Community leaders at roll calls and repealing stop-and-frisk cited among top recommendations by activists for 21st century policing.
Most community activists I know in Philadelphia who have been literally up in arms after the grand juries decided not to indict the killers of Michael Brown and Eric Garner, have promising relationships with local law enforcement, despite the anti-police undertones some of the demonstrations and chants aligned with the cause produce.
Mayor Michael A. Nutter, who in a video he recorded and sent to the Philadelphia Police Department to be played for a few days during rolls calls, clarified how communities are feeling, by acknowledging that people aren’t against policing, just “bad policing.”
The active citizens who maintain communications with Philadelphia beat cops, sergeants, detectives and even the police commissioner, all agree that the message in the video was needed, but the messenger… not so much.
“If you take a poll you’d find that the line troops have a less than favorable view of Mayor Nutter… so just because they listened doesn’t mean it resonated,” argues Mr. Malik Aziz, a prominent Philadelphia activist and former gang member.
A friend to former Philadelphia Police Commissioner Sylvester Johnson and someone who years ago used to attend evening roll calls across the city to deliver messages of support, standards and expectations to patrolmen before they hit the streets, Mr. Aziz is of the opinion that maybe it’s time to revisit that idea. He tells Techbook Online exclusively that he has already reached out to Mr. Tumar Alexander, the Cheif of Staff to Mayor Nutter, to begin the preliminary talks about coordinating the citywide effort.

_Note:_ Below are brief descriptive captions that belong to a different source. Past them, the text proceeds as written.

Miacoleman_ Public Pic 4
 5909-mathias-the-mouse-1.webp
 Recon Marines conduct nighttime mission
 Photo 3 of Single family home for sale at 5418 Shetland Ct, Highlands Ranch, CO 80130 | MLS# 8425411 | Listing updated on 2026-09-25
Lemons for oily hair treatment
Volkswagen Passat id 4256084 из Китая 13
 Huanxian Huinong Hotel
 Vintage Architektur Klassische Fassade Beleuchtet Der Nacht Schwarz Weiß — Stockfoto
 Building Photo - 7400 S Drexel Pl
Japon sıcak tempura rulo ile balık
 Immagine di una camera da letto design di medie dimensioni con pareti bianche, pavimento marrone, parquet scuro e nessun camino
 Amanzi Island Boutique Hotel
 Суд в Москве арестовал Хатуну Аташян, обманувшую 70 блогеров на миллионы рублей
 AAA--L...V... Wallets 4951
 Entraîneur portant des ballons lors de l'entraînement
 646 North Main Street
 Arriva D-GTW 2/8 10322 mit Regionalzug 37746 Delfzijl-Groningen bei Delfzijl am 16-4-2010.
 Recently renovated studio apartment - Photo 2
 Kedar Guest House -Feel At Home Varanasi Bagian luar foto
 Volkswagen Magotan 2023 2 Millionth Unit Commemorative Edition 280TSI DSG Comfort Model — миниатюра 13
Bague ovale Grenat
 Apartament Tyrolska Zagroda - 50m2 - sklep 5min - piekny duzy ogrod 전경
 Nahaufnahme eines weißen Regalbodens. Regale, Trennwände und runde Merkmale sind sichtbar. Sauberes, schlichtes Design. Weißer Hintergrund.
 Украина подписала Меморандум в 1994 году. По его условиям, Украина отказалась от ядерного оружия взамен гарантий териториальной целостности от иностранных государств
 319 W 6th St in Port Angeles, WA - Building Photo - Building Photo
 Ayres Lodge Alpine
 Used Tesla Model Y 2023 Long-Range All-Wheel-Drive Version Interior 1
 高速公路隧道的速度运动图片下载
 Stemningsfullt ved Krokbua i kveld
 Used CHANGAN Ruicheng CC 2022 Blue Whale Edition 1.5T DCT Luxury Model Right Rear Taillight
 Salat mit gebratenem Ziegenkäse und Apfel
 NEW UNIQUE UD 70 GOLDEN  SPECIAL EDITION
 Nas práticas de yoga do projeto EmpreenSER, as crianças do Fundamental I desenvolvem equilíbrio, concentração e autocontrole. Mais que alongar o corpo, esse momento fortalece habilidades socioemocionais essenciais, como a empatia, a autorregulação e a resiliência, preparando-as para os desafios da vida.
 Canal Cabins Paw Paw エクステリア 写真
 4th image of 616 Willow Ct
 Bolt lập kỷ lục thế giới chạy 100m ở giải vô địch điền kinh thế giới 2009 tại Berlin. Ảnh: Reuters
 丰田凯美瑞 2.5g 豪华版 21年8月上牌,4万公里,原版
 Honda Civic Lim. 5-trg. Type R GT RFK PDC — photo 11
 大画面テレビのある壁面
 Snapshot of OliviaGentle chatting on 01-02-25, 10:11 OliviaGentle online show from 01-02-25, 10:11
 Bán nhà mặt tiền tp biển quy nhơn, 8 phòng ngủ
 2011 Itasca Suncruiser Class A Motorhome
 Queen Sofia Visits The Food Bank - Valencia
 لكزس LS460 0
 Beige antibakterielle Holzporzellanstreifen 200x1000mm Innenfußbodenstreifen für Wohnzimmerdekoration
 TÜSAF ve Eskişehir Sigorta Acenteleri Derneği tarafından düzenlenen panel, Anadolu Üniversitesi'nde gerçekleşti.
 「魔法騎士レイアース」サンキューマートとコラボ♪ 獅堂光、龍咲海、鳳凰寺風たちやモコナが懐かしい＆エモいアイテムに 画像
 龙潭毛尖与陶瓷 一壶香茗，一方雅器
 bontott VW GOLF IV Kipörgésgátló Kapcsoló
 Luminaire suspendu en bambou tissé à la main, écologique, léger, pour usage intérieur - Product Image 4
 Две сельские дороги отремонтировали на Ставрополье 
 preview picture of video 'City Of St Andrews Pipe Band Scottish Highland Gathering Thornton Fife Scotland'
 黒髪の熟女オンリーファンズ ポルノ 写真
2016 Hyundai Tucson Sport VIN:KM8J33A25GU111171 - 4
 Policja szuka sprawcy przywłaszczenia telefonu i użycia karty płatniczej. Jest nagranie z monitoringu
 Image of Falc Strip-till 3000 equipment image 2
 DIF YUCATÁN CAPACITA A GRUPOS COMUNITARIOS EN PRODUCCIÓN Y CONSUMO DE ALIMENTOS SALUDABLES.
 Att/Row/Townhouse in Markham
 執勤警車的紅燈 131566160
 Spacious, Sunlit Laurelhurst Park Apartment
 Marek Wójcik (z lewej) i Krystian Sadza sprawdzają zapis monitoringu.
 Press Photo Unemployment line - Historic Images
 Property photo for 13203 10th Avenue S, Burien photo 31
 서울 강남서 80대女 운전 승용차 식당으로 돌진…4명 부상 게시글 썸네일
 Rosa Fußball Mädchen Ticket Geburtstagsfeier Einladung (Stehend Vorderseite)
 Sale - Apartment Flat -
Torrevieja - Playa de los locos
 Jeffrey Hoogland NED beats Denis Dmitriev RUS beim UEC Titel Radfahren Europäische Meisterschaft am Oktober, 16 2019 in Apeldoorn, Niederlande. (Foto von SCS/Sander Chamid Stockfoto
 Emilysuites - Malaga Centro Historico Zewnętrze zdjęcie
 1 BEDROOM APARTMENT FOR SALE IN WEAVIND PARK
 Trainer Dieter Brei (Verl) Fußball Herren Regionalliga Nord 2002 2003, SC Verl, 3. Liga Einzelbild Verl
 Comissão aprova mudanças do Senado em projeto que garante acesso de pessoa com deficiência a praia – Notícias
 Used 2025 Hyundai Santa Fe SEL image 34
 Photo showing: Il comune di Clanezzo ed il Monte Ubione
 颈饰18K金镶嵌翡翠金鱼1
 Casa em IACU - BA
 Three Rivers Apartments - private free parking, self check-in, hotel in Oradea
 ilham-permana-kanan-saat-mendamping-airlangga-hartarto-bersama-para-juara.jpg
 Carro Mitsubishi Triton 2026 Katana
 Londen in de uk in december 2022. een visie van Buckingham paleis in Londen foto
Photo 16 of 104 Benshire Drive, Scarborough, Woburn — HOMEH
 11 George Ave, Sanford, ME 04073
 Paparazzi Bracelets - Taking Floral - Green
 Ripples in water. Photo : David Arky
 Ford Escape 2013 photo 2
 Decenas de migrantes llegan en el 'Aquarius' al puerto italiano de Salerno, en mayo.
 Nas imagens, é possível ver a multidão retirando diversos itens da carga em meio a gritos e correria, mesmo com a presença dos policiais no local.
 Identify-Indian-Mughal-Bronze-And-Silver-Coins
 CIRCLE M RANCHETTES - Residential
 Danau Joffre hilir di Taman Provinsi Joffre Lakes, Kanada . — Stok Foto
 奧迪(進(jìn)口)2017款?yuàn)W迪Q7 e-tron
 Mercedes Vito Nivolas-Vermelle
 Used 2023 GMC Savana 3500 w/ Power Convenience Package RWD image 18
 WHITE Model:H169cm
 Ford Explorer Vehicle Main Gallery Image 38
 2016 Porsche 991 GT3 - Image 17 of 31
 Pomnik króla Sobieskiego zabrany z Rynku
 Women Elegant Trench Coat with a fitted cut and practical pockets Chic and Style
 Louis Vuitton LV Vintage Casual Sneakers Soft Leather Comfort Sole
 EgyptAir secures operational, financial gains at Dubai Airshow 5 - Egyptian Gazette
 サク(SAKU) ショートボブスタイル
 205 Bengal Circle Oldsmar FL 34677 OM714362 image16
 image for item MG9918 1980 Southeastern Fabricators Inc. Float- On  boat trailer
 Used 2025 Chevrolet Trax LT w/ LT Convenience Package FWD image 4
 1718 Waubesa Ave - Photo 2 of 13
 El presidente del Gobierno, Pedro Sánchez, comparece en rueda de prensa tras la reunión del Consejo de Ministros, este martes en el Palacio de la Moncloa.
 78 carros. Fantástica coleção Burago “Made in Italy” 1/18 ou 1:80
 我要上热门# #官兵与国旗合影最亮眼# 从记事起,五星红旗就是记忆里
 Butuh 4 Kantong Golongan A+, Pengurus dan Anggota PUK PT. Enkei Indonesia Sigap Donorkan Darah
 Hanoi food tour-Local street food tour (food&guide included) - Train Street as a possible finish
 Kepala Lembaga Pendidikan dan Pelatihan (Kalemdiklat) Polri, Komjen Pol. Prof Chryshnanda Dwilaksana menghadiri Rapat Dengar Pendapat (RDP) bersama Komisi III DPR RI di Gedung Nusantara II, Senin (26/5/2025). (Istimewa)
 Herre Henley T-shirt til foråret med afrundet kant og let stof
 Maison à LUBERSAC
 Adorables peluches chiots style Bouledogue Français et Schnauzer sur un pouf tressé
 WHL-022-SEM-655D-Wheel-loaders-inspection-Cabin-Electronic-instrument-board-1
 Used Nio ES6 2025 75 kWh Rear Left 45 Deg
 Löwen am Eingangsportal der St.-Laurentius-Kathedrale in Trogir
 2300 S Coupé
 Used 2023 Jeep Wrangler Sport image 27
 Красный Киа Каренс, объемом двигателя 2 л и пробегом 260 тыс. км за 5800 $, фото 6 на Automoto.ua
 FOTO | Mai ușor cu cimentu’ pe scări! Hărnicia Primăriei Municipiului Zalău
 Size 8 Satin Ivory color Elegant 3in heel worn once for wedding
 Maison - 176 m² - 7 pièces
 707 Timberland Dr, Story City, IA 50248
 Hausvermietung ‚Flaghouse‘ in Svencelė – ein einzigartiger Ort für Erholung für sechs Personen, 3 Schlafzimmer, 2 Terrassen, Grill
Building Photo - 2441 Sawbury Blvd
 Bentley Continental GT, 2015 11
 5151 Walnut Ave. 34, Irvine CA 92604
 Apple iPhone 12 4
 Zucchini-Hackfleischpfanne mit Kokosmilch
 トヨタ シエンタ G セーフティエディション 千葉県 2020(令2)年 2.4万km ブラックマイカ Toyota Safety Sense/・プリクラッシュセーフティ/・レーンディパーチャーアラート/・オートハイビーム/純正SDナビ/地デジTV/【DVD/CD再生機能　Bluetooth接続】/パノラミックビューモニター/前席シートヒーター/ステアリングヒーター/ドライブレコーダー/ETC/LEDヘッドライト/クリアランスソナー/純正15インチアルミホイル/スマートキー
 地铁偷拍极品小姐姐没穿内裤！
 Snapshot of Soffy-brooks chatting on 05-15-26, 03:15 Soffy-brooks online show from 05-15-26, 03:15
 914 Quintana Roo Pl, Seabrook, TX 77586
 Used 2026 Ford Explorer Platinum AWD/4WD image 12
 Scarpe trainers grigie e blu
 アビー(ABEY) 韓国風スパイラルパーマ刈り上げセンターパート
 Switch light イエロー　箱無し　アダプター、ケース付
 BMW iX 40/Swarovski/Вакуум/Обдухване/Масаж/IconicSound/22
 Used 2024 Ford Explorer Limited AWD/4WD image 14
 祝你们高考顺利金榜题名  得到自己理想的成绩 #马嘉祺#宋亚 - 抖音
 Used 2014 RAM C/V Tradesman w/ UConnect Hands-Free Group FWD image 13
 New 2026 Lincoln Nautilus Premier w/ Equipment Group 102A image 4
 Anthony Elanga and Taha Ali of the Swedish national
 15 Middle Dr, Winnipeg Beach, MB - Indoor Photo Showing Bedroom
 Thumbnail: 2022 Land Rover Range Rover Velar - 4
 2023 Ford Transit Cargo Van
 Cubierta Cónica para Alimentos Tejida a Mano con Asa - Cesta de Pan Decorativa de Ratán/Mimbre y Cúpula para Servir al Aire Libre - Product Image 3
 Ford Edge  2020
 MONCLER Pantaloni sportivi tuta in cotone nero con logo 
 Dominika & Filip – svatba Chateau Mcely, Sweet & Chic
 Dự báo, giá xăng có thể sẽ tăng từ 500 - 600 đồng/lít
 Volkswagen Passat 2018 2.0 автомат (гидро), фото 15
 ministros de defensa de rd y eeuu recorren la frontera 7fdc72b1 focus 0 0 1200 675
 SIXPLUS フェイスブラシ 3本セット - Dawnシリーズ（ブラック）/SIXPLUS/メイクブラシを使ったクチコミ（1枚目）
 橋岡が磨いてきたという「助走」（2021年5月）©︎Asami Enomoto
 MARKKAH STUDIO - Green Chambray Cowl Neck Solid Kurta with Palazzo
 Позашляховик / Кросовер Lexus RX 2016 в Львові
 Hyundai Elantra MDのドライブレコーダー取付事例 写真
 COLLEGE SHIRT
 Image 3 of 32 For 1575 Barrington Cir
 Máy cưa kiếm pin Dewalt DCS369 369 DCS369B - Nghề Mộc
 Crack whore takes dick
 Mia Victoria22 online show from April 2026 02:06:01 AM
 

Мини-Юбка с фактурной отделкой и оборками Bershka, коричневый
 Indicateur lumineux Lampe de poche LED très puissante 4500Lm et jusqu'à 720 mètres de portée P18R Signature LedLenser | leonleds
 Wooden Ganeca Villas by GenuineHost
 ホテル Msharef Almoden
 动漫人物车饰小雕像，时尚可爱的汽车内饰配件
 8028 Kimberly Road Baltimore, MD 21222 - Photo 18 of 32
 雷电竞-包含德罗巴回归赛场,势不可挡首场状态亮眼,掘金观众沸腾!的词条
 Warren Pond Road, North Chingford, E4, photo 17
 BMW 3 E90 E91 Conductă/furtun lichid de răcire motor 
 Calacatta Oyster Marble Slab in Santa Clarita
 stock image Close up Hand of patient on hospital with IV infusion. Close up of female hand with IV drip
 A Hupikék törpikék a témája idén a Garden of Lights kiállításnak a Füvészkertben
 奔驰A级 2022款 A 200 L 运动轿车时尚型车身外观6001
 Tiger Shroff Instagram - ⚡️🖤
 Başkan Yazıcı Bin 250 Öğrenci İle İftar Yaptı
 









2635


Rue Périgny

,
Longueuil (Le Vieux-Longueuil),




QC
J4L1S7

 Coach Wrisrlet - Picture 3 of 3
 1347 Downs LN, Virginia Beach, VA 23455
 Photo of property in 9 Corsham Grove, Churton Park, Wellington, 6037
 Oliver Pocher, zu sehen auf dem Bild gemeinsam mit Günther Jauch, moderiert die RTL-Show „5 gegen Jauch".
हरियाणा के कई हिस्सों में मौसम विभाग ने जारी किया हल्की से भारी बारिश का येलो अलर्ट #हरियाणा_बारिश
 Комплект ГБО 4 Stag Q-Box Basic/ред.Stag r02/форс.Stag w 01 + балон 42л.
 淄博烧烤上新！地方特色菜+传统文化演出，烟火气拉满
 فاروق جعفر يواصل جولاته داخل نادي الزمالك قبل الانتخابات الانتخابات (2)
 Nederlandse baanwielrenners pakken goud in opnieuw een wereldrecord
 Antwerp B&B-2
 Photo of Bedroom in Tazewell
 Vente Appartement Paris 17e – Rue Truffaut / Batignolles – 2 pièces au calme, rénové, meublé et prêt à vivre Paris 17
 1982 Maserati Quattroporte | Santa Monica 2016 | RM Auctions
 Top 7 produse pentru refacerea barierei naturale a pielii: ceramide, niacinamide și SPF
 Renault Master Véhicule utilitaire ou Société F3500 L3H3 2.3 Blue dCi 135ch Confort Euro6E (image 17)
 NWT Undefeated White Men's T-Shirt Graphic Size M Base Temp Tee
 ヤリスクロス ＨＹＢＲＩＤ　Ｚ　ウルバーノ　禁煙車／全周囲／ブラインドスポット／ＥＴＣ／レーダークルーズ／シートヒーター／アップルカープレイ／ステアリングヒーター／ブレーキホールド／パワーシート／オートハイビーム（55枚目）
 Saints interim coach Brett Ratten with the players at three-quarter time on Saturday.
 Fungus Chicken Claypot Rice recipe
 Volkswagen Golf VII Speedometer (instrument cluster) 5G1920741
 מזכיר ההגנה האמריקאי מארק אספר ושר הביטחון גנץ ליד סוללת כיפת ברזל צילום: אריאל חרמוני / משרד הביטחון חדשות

“Activists and neighborhood leaders have a daily rapport with law enforcement and they already have the respect of the community,” remarks Mr. Aziz, who believes the next step should be for all stakeholders to meet, get on the same page and deliver a in-person message that would truly resonate with more than 6,000 Philadelphia police officers.
“It’s an idea that could work,” says South Philadelphia activist Mr. Anton Moore, who this Wednesday, December 17th, 2014, will be meeting with Police Commissioner Charles Ramsey to discuss how to improve police and community relations in the City.
Commissioner Ramsey was appointed by President Barack Obama in the aftermath of Ferguson to co-chair the Task Force on 21st Century Policing and has less than 90 days to return recommendations to Mr. Obama.
Mr. Aziz thinks that may be easier said than done, considering Commissioner Ramsey isn’t known for being a “community guy.”
“Community policing is a mindset and he doesn’t come into the community unless he’s getting an award,” states Mr. Aziz, whose been working in communities long before Cecil B. Moore had a street named after him in North Philadelphia.
Mr. Moore agrees with Mr. Aziz’s perception of Commissioner Ramsey.
“He acts like an outsider, but that’s because he is,” said Moore, who though he acknowledges Mr. Ramsey’s shortcomings, also praises the law enforcement veteran for having community-orientated guys like Deputy Commissioner Kevin Bethel and Richard Ross on his team.
And while he’s excited about being a part of a coalition of millennials who are advising the PPD C-Suite, Mr. Moore makes it clear that “you can’t move the needle on community and police relations without repealing stop-and-frisk.”
Mr. Aziz, who also isn’t a fan of stop-and-frisk, at the time of our conversation didn’t have the actual message in his head as to what should be said to police. But Mr. Moore thinks the message doesn’t need to be more than eight words: “you work with us, we work with you.”
Without question, Mr. Aziz, who thinks its open season on black men, said the role of the police in a post-Ferguson America should be to stop drawing their guns so quickly on black men and to refrain from giving into racial bias and stereotypes while patrolling communities of color.
Mr. Moore, while he agrees, thinks the community has a role, too, which is to “challenge itself to do better.”
“I see more (black) brothers having open season on one another,” said Moore, referring to the infamous narrative of black-on-black crime.
With at least a 25 year age gap between them, it’s expected that Mr. Aziz and Mr. Moore would have different views on a few things, mainly the progress of race relations in America and how that impacts policing in communities of color. But despite what they don’t agree on, both men find consensus on the fact that Philadelphia is ground zero for problems and opportunity and they are willing to submerse themselves in the issues, the politics and the people in order to create a better relationship between law enforcement and they communities they serve.
“It starts with more dialogue… real dialogue…heartfelt dialogue,” said Mr. Aziz.